Après sa période de gloire dans les années 2000, on ne peut pas franchement dire que la scène aggrotech connaît le même succès qu'à l'époque de MySpace. Pourtant, en plus des inusables vétérans qui continuent à faire leur petit truc dans leur coin, on a observé ces derniers mois une vague de nostalgie pour le genre : Dawn of Ashes et Aesthetic Perfection y revenaient alors qu'Unter Null faisait enfin son retour... Les Polonais de H.EXE, eux, s'éveillent d'un profond sommeil de plus de dix ans avec Anthems of the Unseen Tide, dont l'artwork et la pochette devraient déjà vous mettre la puce à l'oreille : voilà qui sent bon la Nouvelle-Angleterre, les tentacules et les horreurs indicibles ! Leur album précédent s'achevait d'ailleurs par The Music of Erich Zann, hommage évident au maître de Providence...
Nous n'irons pas jusqu'à oser imaginer Lovecraft avec de fausses dreadlocks fluos en train de nous faire sa meilleure variante de la tecktonik sur un mix eurodance blindé de distorsion. Il peut se passer des choses en une décennie et H.EXE aujourd'hui, sous l'influence corruptrice du temps et des murmures de Grands Anciens, a muté. Les guitares méchantes ont fait leur apparition, ce que l'on constate dès At the Threshold : les incantations saturées d'Odo mordent toujours, la froideur des synthétiseurs imposent cette teinte horrifique clinique... et des gros riffs qui castagnent viennent alourdir le tableau. Malin, H.EXE a toujours su éviter les clichés les plus navrants du genre en ayant gardé une approche où la noirceur et l'agressivité passent avant les gimmicks musicaux paresseux et les couleurs trop chatoyantes.
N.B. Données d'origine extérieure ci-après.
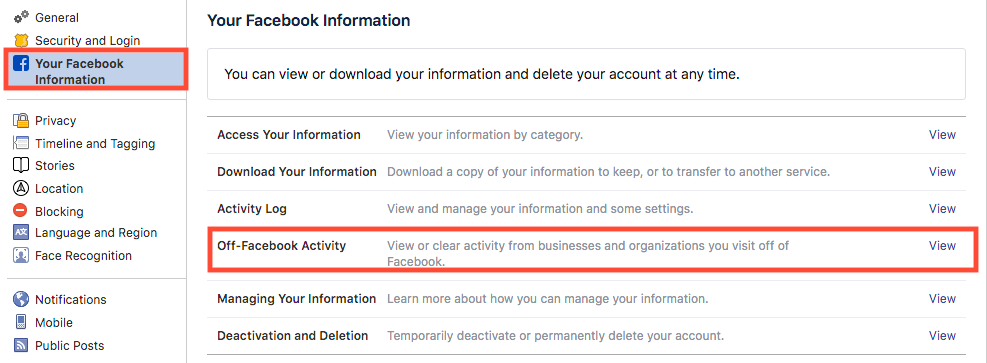 Facebook Data Privacy Settings - Off Facebook Activity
Anthems of the Unseen Tide porte bien son nom : ramassé sur une grosse demi-heure, l'ensemble enchaîne les hymnes méchants et intenses. On y apprécie les mélodies sinistres minimalistes qui donnent leur tonalité horrifique aux morceaux et font respirer entre deux assauts de guitare (Sunless Tides, Elder's Lair qui aurait tout à fait pu assumer son début de grandiloquence symphonique !). La cadence ne ralentit qu'en fin de course avec Sphere on Sphere, où le cosmicisme et les ténèbres abyssales rampent avec une lenteur apocalyptique forte en évocations : les ruines de cités aux angles impossibles se faisant alors le dancfloor idéal. On peut s'amuser du décalage entre l'univers lovecraftien, très connoté fin XVIIIème / début XXème siècle, et la modernité du son, créant un anachronisme finalement pas déconnant : les lois du temps et de l'espace sont tordues sous l'action de quelque entité innommable ! Les titres des morceaux sont scandés en boucle pendant les refrains, ça rentre facilement en tête, la lourdeur de la guitare enfonce le clou sans fausse pudeur ni subtilité factice. H.EXE rentre dans le lard avec un premier degré, une générosité et une énergie qui réjouissent et nous plonge dans un univers qui, à l'image de leur nom, mélange mysticisme et esthétique cyber.
Il y a un twist dans Anthems of the Unseen Tide : H.EXE a certes évolué mais n'a pas oublié ses racines et chaque titre est disponible sous deux versions : Initial et Legacy, ces dernières laissant de côté le metal industriel pour rappeler l'electro-dark moderne des précédents albums. Un choix qui, étonnamment s'avère plutôt pertinent car il permet justement de mettre en valeur le travail sur les atmosphères en proposant des versions moins bourrines mais également plus menaçantes, plus lentes une fois privées de leurs riffs explosifs. De ces versions plus dépouillées, on apprécie par exemple la théâtralité de The Old Museum ou la tonalité hypnotique que prend That Thing Within.
De plus, en ayant opté pour un ensemble relativement court et misant sur une efficacité permanente, H.EXE peut se permettre le luxe de nous balancer chaque malédiction deux fois car tout cela défile à une allure qui nous protège d'une lassitude prématurée ou des courbatures ! Du gros boum-boum, des guitares méchantes, Lovecraft et des artistes qui, plutôt que d'opter clairement pour une orientation musicale, nous laissent la possibilité de choisir notre camp : parfois, il faut savoir apprécier les plaisirs simples, surtout quand c'est fait avec autant d'enthousiasme et de savoir-faire qu'ici.